Today's fees are killing tomorrow's nest egg

Charlotte Ransom

Charlotte Ransom

We founded Netwealth in 2015 based on the belief that the wealth management industry is overdue a dramatic overhaul, with the first frontier that is ripe for change being fees. 

At first glance, a saving such as 1 per cent per annum in fees may seem negligible; however, the impact of this over time can make a significant difference to the size of an investment pot.

For instance, our analysis shows that a 1 per cent cut in fees on a £500,000 medium risk investment portfolio with 5 per cent gross returns, could result in savings of over £80,000 after 10 years and nearly £240,000 after 20 years. 

Take another example, this time looking at retirement income drawdown. Based on the same medium risk level and investment returns as before, a 1 per cent reduction in fees on a £500,000 portfolio, where a client is drawing £40,000 per annum, results in the pot lasting three years longer.

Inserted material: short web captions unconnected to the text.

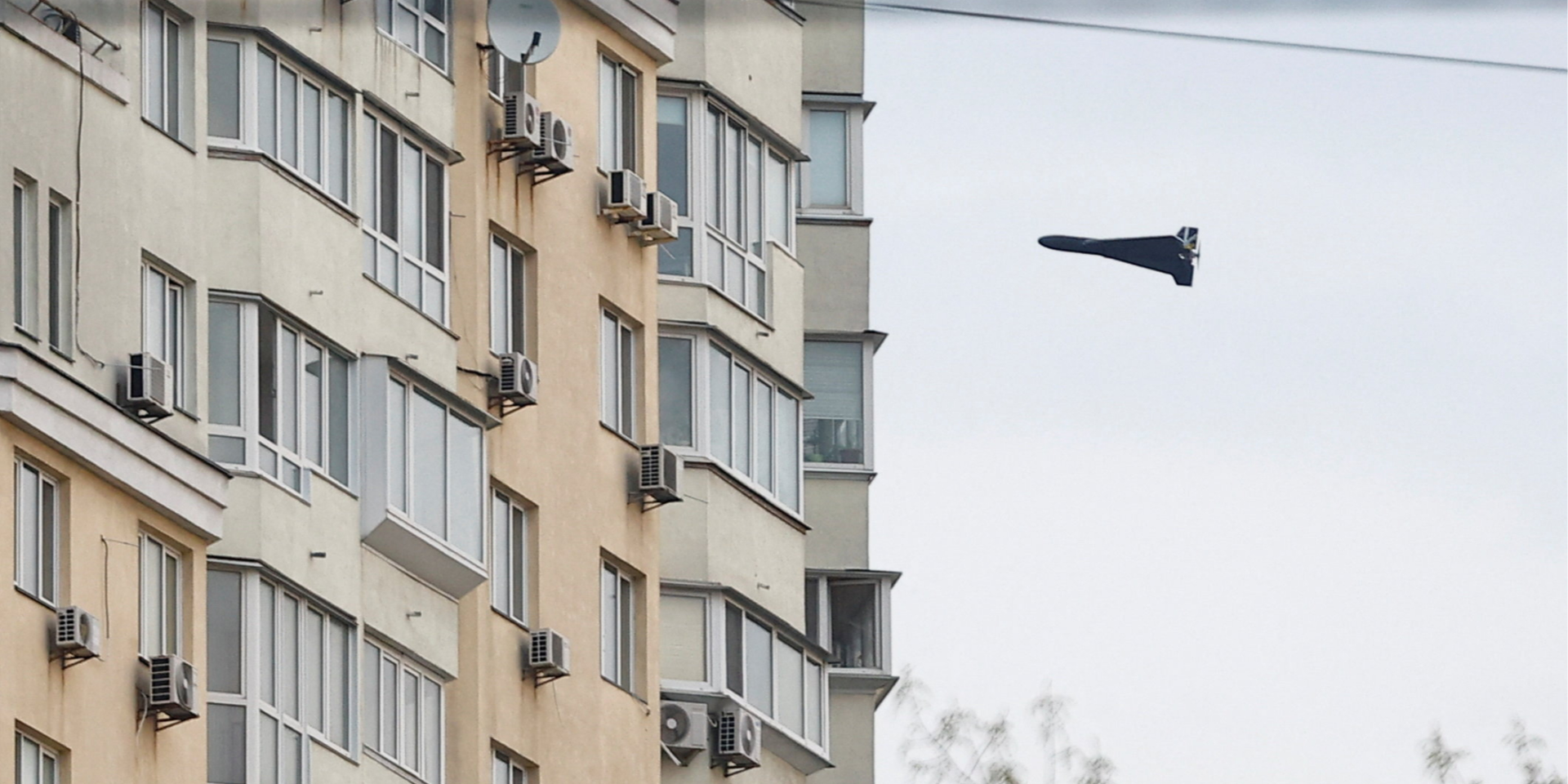 Шахеди атакували Київ вранці 24 квітня: дрони летіли над дахами будинків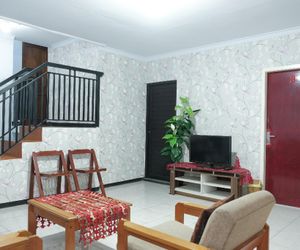 OYO 1380 Velodrome Family House Malang Indonesia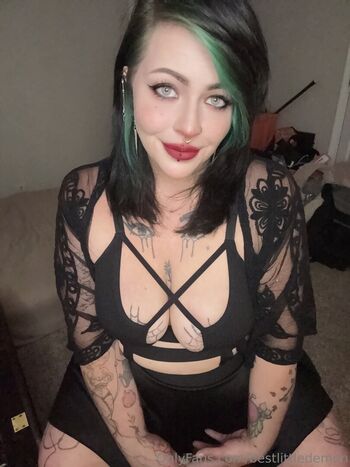Full leaked Bestlittledemon private onlyfans photo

Potentially, that’s three more years of financing elderly care, post-retirement international travel or other similar life-defining events. 

Ultimately, as a result of high fee levels across the traditional industry, savers are being significantly affected, resulting in their life’s aspirations taking longer to achieve, or being put on hold altogether. 

If the negative impact of fees is so obvious, then it’s important to ask: what is keeping them high and how are they justified? 

The reality is there are myriad reasons, but a frequent cause or ‘justification’ for higher fees is often unnecessary products and services, with a particularly common culprit being so-called bespoke portfolios.

UK wealth managers’ websites and glossy brochures tell clients they need a bespoke investment portfolio, designed around their individual needs and objectives, managed by a ‘personal investment manager’, to whom they have a direct line and who will meet with them regularly.

This approach doesn’t sound unreasonable. After all, everyone is unique and has their own specific financial goals and reasons for investing.

On closer inspection, however, this reasonableness is questionable. 

While each client has different needs and may indeed require personalised financial advice, this doesn’t necessarily warrant a “bespoke” investment portfolio.

Most wealth management firms employ a central team of specialist investment managers with many years’ experience of investing to manage a “model” portfolio which will reflect the best thinking of these investment professionals.

Any “bespoke” advice that deviates from this core team is therefore, by definition, a move away from the firm’s best thinking, and, to add insult to injury, likely to have been made by a far less qualified financial adviser. 

Bespoke portfolios, as a result, tend to underperform in comparison to their model counterparts.

Not only that, the cost to manage these portfolios is also often significantly higher – a cost funded through higher client fees.